*** Opening of Extracted data ***

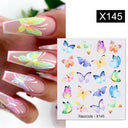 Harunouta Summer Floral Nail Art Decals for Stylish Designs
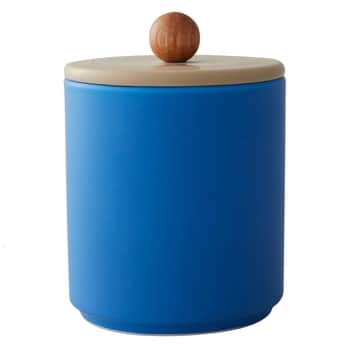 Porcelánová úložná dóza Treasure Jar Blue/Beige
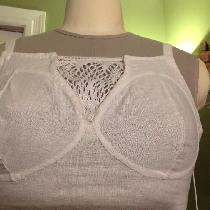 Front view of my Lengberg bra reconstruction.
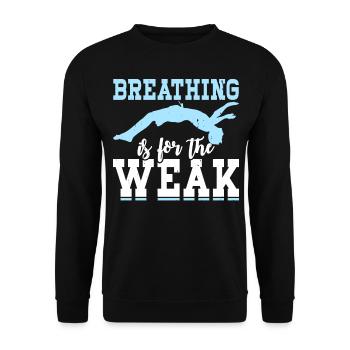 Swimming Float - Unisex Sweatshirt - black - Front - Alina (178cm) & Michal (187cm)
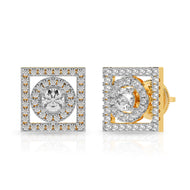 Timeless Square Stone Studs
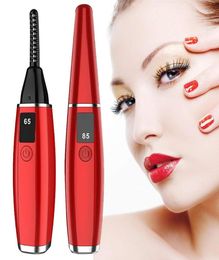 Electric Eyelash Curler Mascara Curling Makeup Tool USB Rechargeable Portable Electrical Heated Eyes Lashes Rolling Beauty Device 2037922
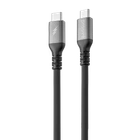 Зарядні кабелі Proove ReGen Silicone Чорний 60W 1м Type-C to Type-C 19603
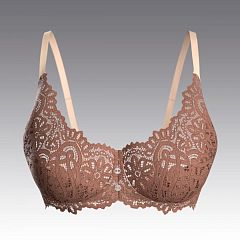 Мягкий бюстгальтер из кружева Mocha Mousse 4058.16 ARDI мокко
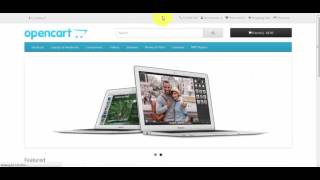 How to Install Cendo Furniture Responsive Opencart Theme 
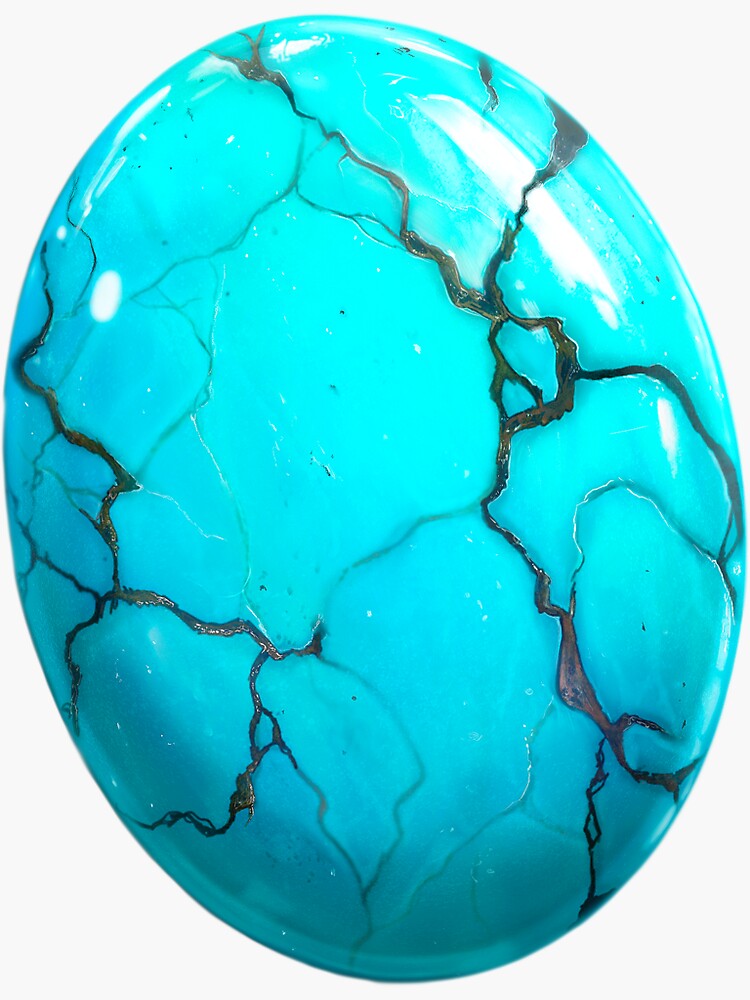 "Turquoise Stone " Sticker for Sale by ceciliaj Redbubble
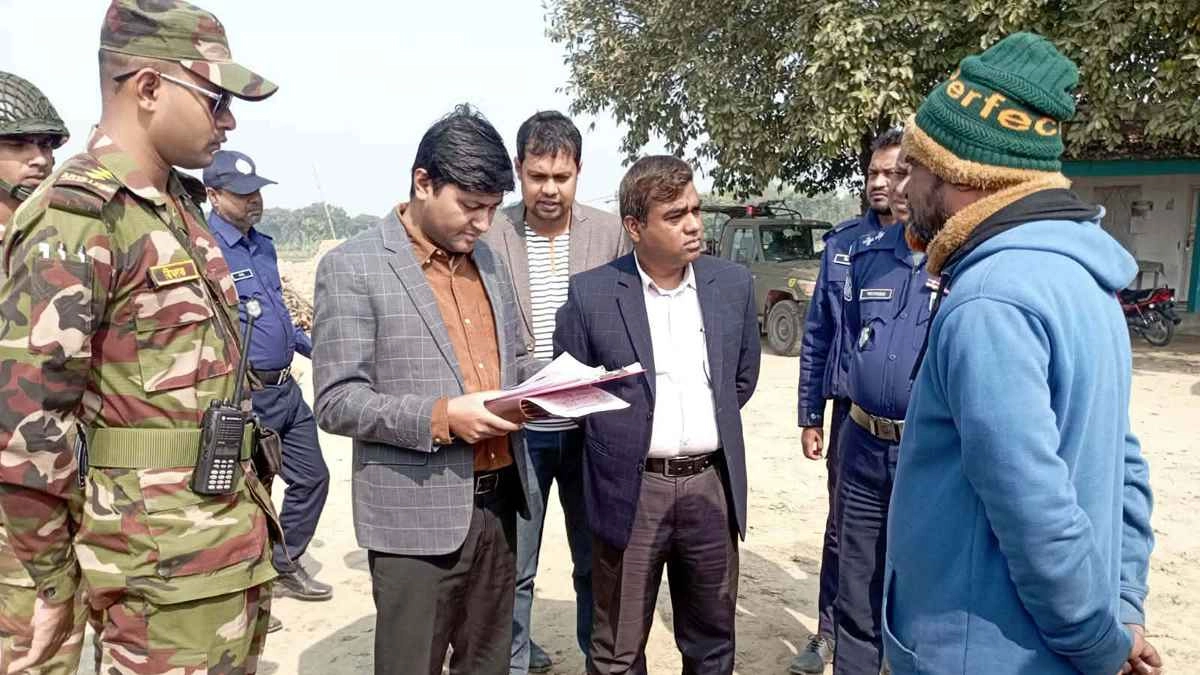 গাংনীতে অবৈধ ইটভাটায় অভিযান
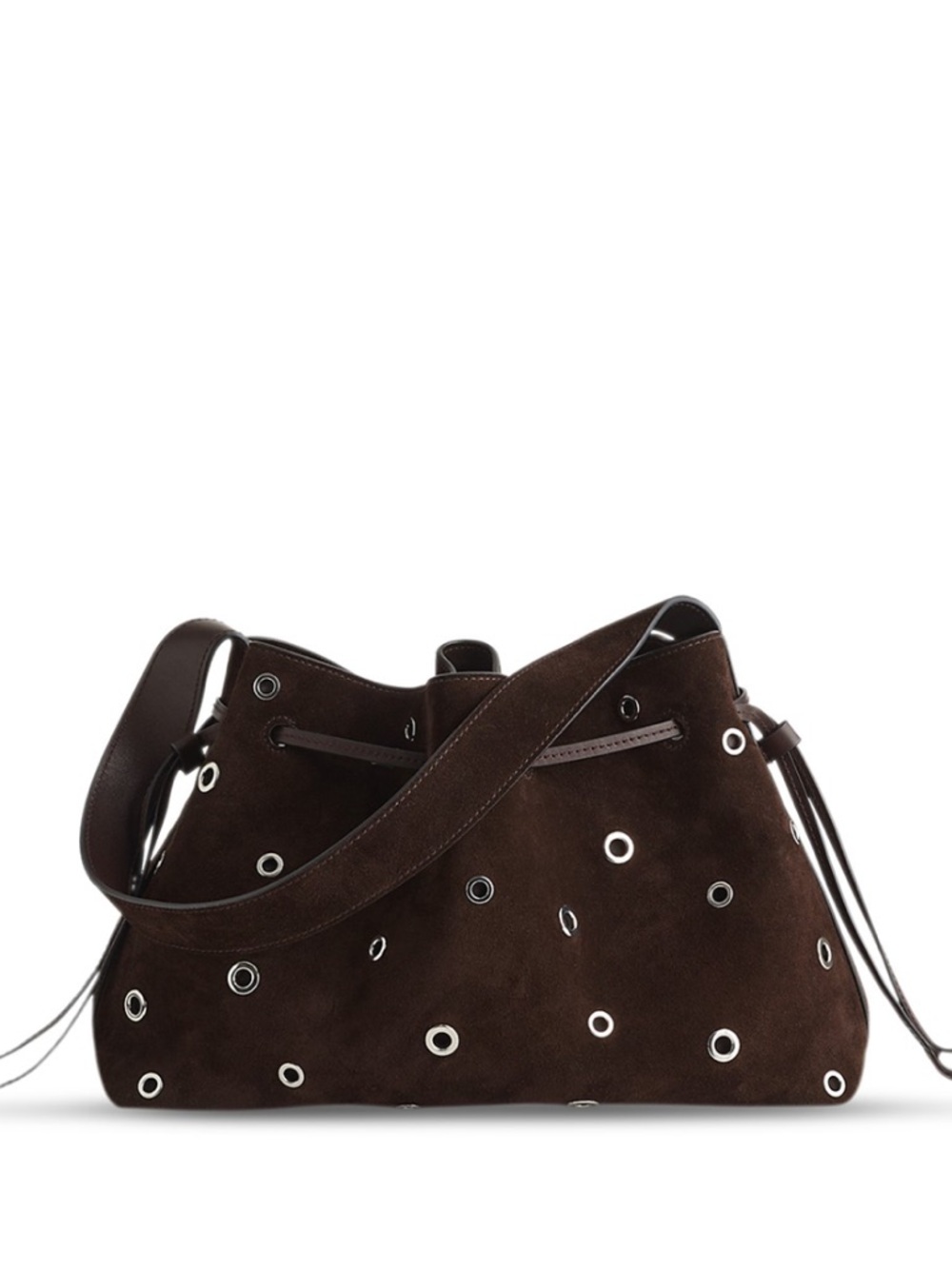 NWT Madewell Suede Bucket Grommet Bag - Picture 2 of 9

*** Close of Extracted data ***
*** Opening of Extracted data ***

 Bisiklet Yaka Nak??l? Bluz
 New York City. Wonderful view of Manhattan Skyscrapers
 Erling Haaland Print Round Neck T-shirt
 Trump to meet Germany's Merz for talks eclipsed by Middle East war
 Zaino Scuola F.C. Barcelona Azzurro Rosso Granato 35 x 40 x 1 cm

*** Close of Extracted data ***

Instructions for the task
In the entries above, find the line holding "New York City." and the line holding "Zaino Scuola F.C.", then retype exactly those two lines and every line between them, and nothing else.

Task solution
 New York City. Wonderful view of Manhattan Skyscrapers
 Erling Haaland Print Round Neck T-shirt
 Trump to meet Germany's Merz for talks eclipsed by Middle East war
 Zaino Scuola F.C. Barcelona Azzurro Rosso Granato 35 x 40 x 1 cm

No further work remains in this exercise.